In der Pause schnappt sich Anja in der offenen Küche in der Aula eine Brotscheibe mit Tofupaste und setzt sich auf die dreistufige Holzbühne. "Mit 15 schmiss ich die Schule", sagt sie. "Die Selektion und die Noten schreckten mich ab." Sie arbeitete, wurde zweifache Mutter. Und will nun mit 30 Lehrerin werden. "Lehrer sollten Schüler nehmen, wie sie sind - ohne Vorstellung davon, wie sie sein sollten." Neben ihr springt Wolf aufs Podium, der 21-Jährige ist gekommen, um mit den anderen für die Abiprüfung in der kommenden Woche zu üben. Die wichtigste Frage, die ein Schüler sich hier anfangs zu stellen habe, sei: "Woher kommt die Disziplin? Hier wird niemand gezogen. Man muss selbst machen." Die Abbrecherquote in der SFE ist hoch. Da ist zum einen die Last der Freiheit. Zum anderen treten hin und wieder finanzielle Engpässe auf, biographische Einschnitte wie Familiengründungen. Oder ein interessanter Job ergibt sich, der den Schulabschluss nicht verlangt.

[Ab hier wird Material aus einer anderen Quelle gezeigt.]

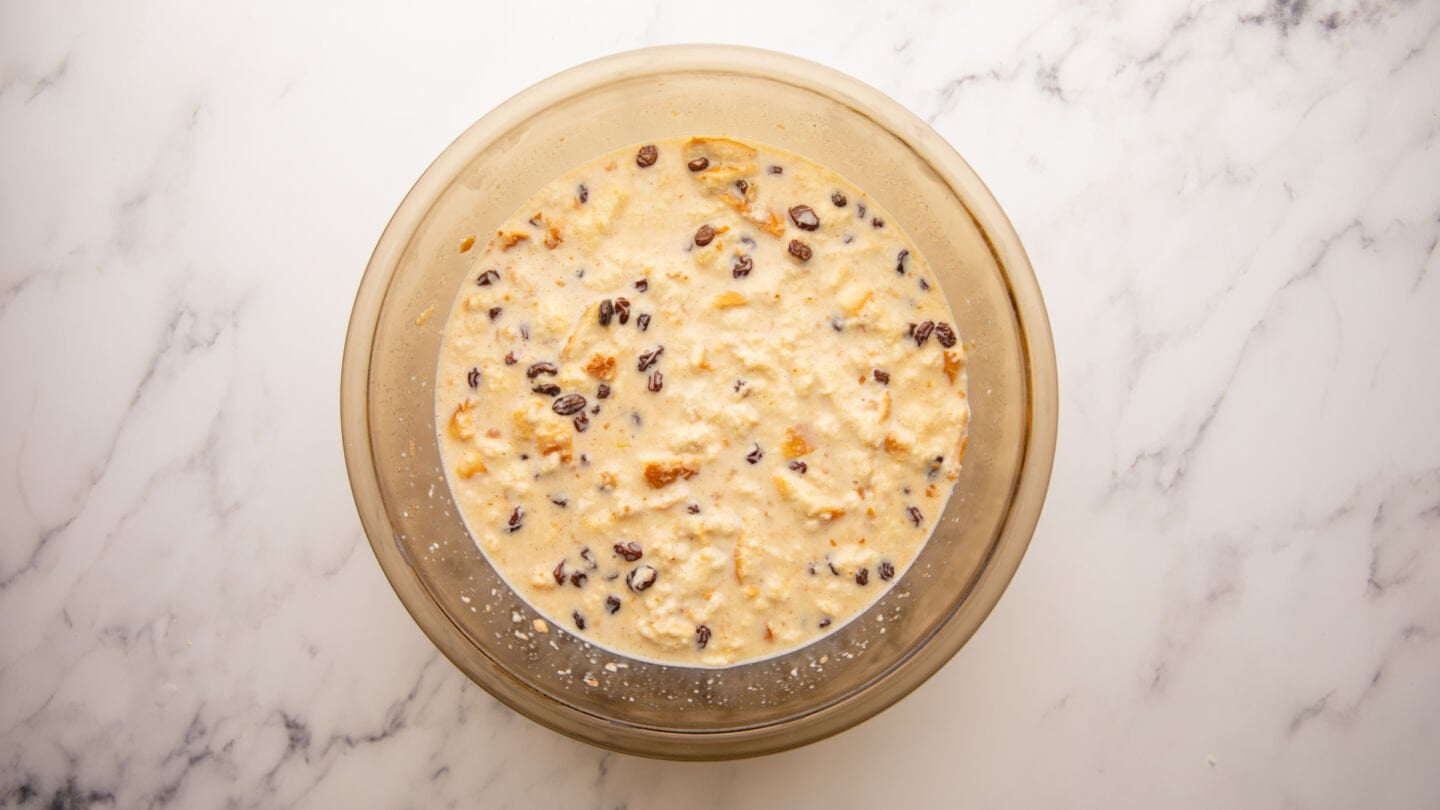 Pour the custard mixture over the soaked bread and stir in the bourbon-soaked raisins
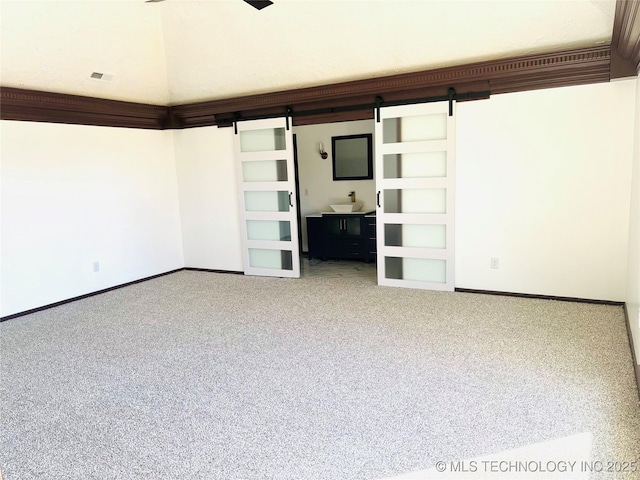 unfurnished living room with a barn door, carpet flooring, and sink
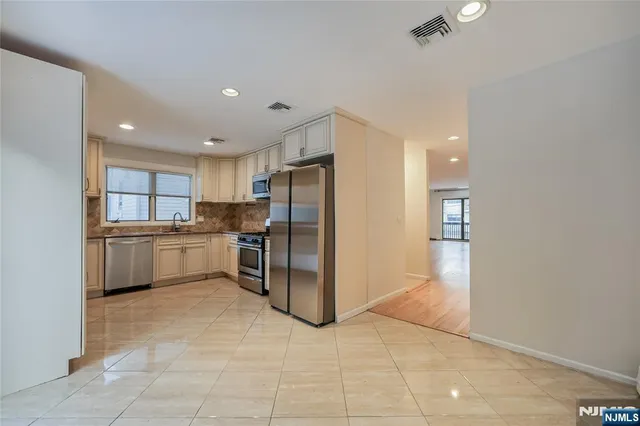 a kitchen with a refrigerator and white cabinets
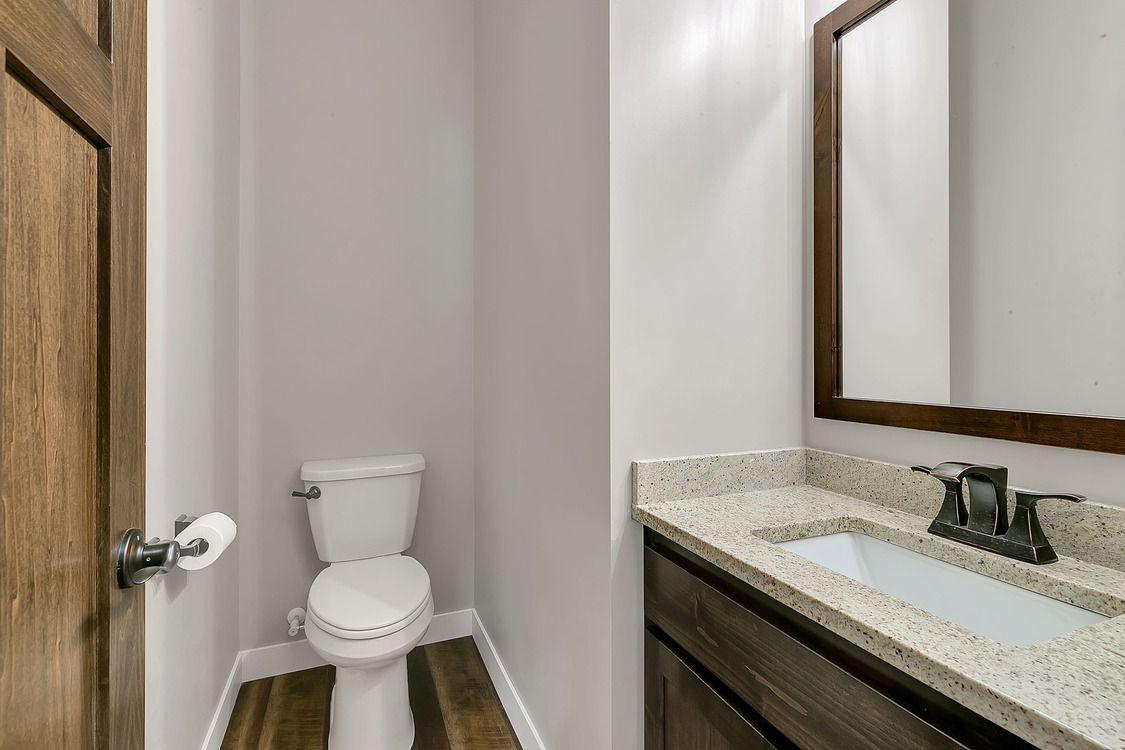 A bathroom with a toilet , sink and mirror.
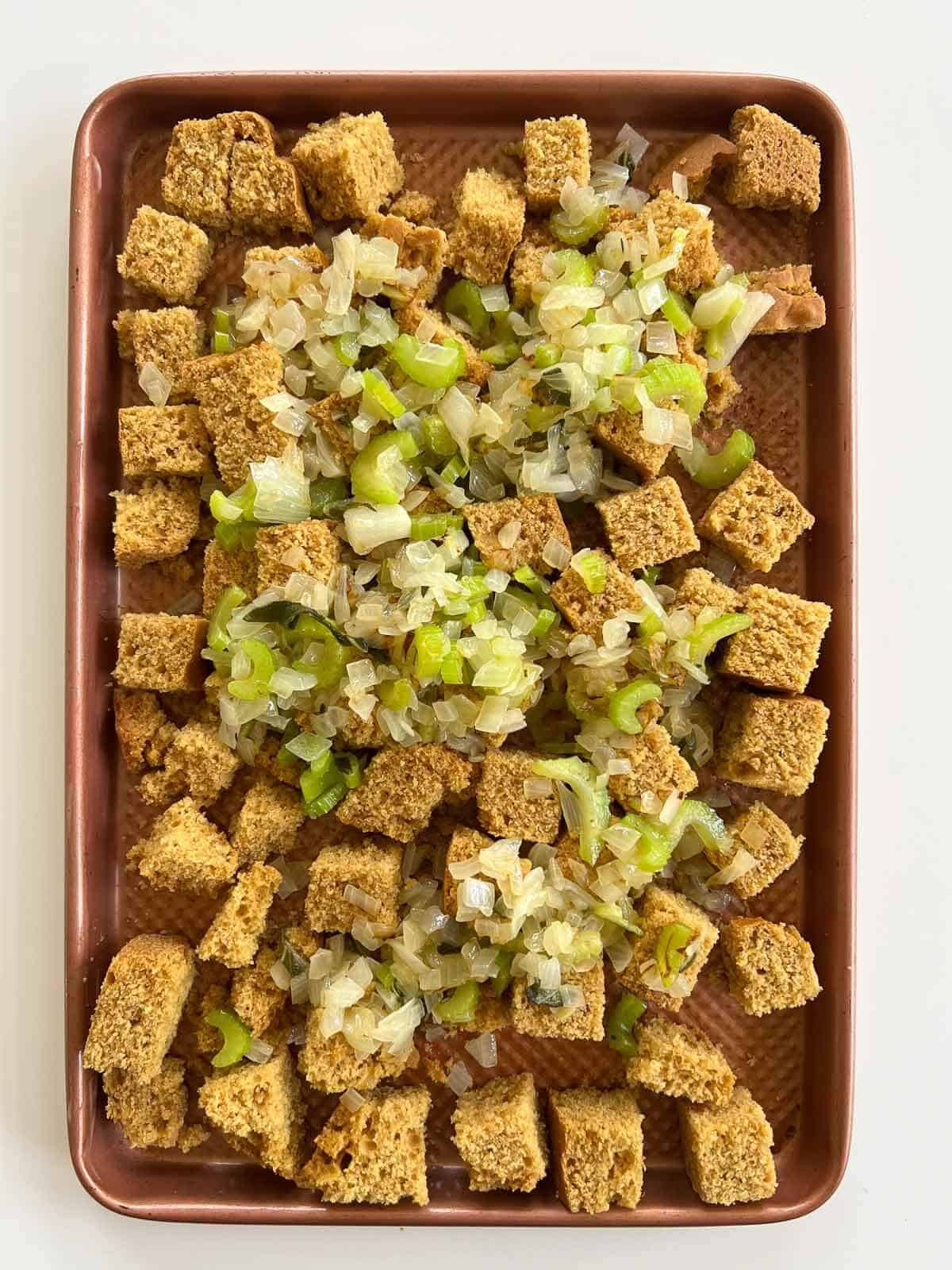 cornbread cubes in baling sheet with cooked onions and celery on top in a baking sheet.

Die SFE lebt ein selten in Schulen umgesetztes Credo: das Schicksal in die eigenen Hände zu nehmen. Ein Vorbild für andere Schulen in Sachen Demokratie: Verwaltung, Stundenplan und -inhalte regeln die Schülerinnen und Schüler in Versammlungen. Selbst die Schule putzen sie allein. In vielem war die SFE Vorreiterin, sie praktizierte zum Beispiel selbständiges Lernen zu Zeiten, in denen Pädagogen dies für eine Quadratur des Kreises hielten. So viel Pioniergeist macht zu schaffen.

Denn früher besuchten 800 Schülerinnen und Schüler die SFE - heute nur noch 200. Die Gesellschaft hat hinzugelernt. Es gibt eben nicht mehr nur einen Weg zur Universität. Auch die SFE hat im Lauf der Jahrzehnte viel gelernt. So wird seit einigen Jahren auch mal ein Bauauftrag nach außen vergeben und nicht mehr alles selbst repariert. Und die Schule führte vor zwei Jahren ein fest in den Stundenplan integriertes Tutorenmodell ein: Zwei Lehrkräfte begleiten eine Klasse zusätzlich von Beginn an und betreuen die Schülerinnen und Schüler; geben Hilfestellung, wenn die Selbständigkeit Probleme bereitet. Früher, als die Klasse als "Zelle" verstanden wurde, wäre dieser "Eingriff" der Lehrer in die Autonomie der Klasse undenkbar gewesen. Heute überzeugt die Erkenntnis, dass absolute Unabhängigkeit auch einsam machen kann.

* alle Schülernamen von der Redaktion geändert.